REQUIRED WORK: Copy out the whole listing exactly as written, leaving the pictures behind.

INFORMATION SUPPLIED:
━━━━━━
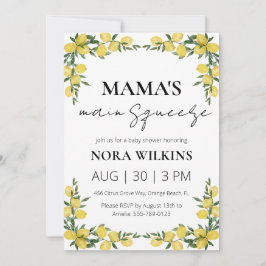 ママの主な絞り柑橘系ベビーシャワーの招待 招待状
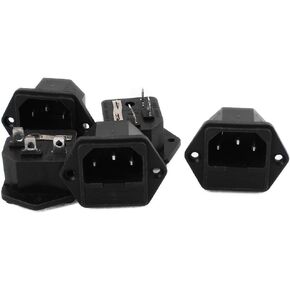 uxcell 5Pcs AC 250V 10A 3 Terminals Screw Mounting Inlet Power Socket w Fuse Holder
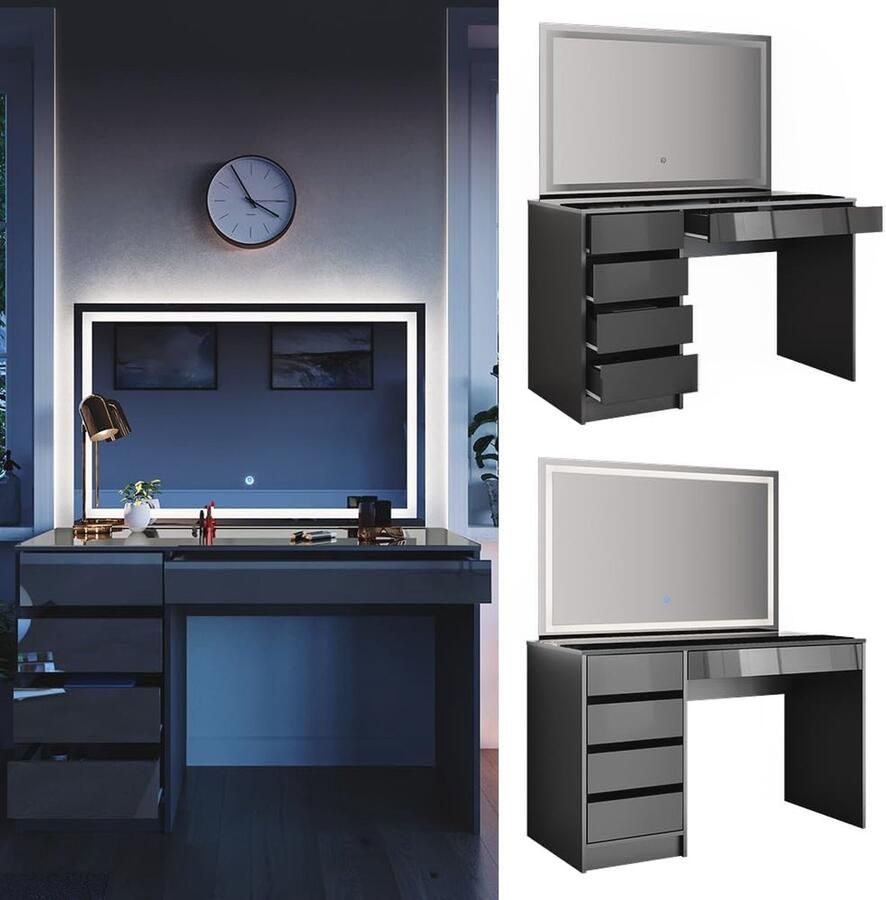Stijlvolle Kaptafel met LED-Spiegel en Schuifladen voor Meisjes en Dames 120 x 55 cm Zwart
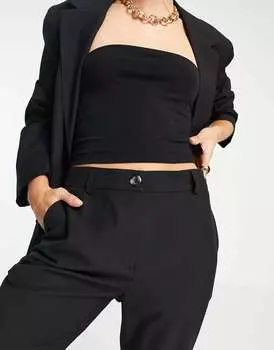 Черные узкие прямые костюмные брюки ASOS Petite Mix & Match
━━━━━━
SOLVED EXERCISE:
 ママの主な絞り柑橘系ベビーシャワーの招待 招待状
 uxcell 5Pcs AC 250V 10A 3 Terminals Screw Mounting Inlet Power Socket w Fuse Holder
Stijlvolle Kaptafel met LED-Spiegel en Schuifladen voor Meisjes en Dames 120 x 55 cm Zwart
 Черные узкие прямые костюмные брюки ASOS Petite Mix & Match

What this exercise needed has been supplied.